§ **Recorded information**
────

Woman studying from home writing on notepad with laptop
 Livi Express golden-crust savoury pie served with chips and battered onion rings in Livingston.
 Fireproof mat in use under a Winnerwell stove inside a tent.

────

§ **Exercise prompt**
Every line above that holds the word "with" is to be found and copied.

§ **Response to the task**
Woman studying from home writing on notepad with laptop
 Livi Express golden-crust savoury pie served with chips and battered onion rings in Livingston.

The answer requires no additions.